Rathish Babu Unnikrishnan Vs. State (Govt. of NCT of Delhi) Anr.
[Criminal Appeal Nos. 694-695 of 2022 arising out of S.L.P. (Crl.) Nos. 5781-5782 of 2020]
Hrishikesh Roy, J.
1. Leave granted.
2. The challenge in these appeals is to the judgment and order dated 02.08.2019 in the Crl. M.C. No.414/2019 and Crl.M.A.No.1754/2019 whereby the Delhi High Court dismissed the application under Section 482 of the Code of Criminal Procedure, 1973 (hereinafter referred to as “Cr.P.C”) for quashing of the summoning order dated 1.6.2018 and the order framing notice dated 3.11.2018, issued against the appellant under Section 138 of the Negotiable Instruments Act, 1881 (hereinafter referred to as the ‘N.I. Act’). On the criminal complaint instituted by one Satish Gupta (respondent no.2), the order under Section 251 of the Cr.P.C. was issued against the appellant by the Magistrate’s Court. The High Court on considering the rival contention opined that the grounds agitated by the appellant are “factual defences” which should not be considered within the parameters of limited enquiry permissible in a petition under Section 482 Cr.P.C. Accordingly, the petition was dismissed but the accused’s liberty to raise his defence in the competent Court was safeguarded in the impugned order.

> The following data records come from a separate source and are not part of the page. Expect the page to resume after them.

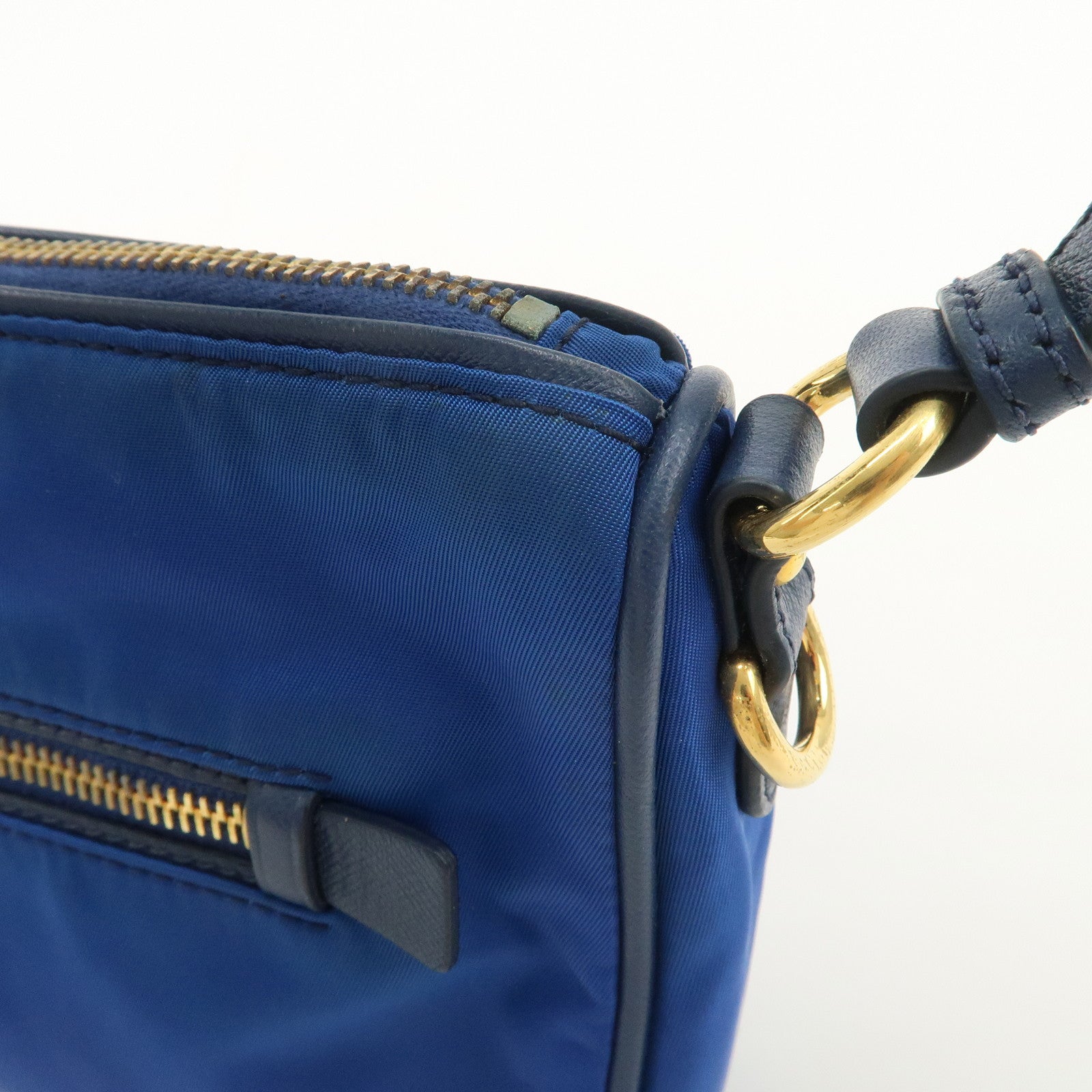 PRADA Triangle Logo Nylon Leather Mini Shoulder Bag Blue BN1834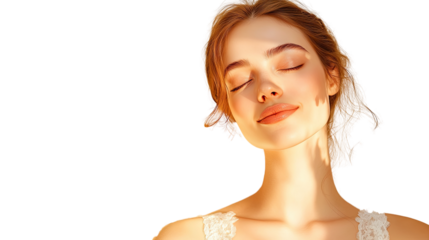 Young woman enjoying sunlight with closed eyes and natural beauty in a serene outdoor setting, captured in soft light and warm tones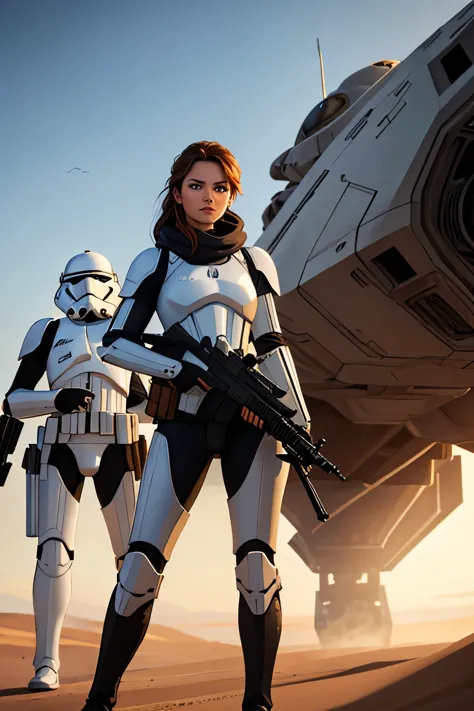 there is a woman holding a gun in front of a spaceship, hyperrealistic fantasy art, doom eternal, female stormtrooper, heaven pl...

3. For the appellant, Mr. Krishnamohan K., the learned counsel argues that without satisfying the essential ingredients for the offence under Section 138 of the N.I. Act to the effect that the dishonoured cheque received by the complainant is against “legally enforceable debt or liability”, the criminal process could not have been issued. Relying on few judgments, it is next argued that the ingredients necessary to constitute the offence under Section 138 of the N.I. Act is missing in the instant case and therefore the appellant cannot be prosecuted for the offence under the said provision. According to the appellant, the concerned post-dated cheques drawn by him in favour of the complainant were, contingent/security cheques for buyback of shares of AAT Academy (appellant’s company), held by the complainant, and therefore the cheques could not have been prematurely presented to the bank and should have been presented for encashment only after transfer of the complainant’s shareholding in the appellant’s company.
In other words, as the complainant was still holding the shares of the appellant’s company when the cheques were presented, the complainant is not entitled to receive any payment at that stage, through encashment of the cheques, made available to him
4. The complainant per-contra contends that when the cheque are issued and the signatures thereon are admitted, the presumption of a legally enforceable debt will arise in favour of the holder of the cheque. In a situation such as this, it is for the accused to rebut the legal presumption by adducing necessary evidence before the trial Court. Reading the provisions of Section 118 of the N.I. Act, it is submitted by Mr. K.M. Nataraj, learned ASG and Ms. Rebecca M. John the learned Senior Counsel for the complainant, that it is obligatory for the Court to raise the legal presumption against the accused when his cheque is dishonoured on presentation.
The learned Magistrate therefore correctly drew such presumption which of course is rebuttable by the appellant, by adducing evidence in course of trial. It is specifically contended by the complainant that in share purchase transactions, the consideration is first paid to the seller as per the customary practice and only thereafter the formalities with respect to the share transfer is completed. In support of such contention, the respondent relies on Section 56 (1) of the Companies Act, 2013 and also the Form SH-4 in the said Act, relating to transfer of securities.
5. The records would show that there were transactions between the parties under which the complainant invested a substantial sum in the appellant’s company. At later stage, dispute arose amongst them but they resolved that the invested money would be returned to the complainant and the shares allotted to the complainant will be proportionately transferred to the appellant. With such understanding, the four cheques forming the part of the criminal complaint were handed over by the appellant. When the complainant presented one of those cheques, the same was dishonoured by the bank with the endorsement, “fund insufficient”. Further, the complainant issued notice stating that the appellant had failed to make the due payment. Thereafter, he filed the complaint under Section 138 of the N.I. Act which led to the summons and process against the appellant.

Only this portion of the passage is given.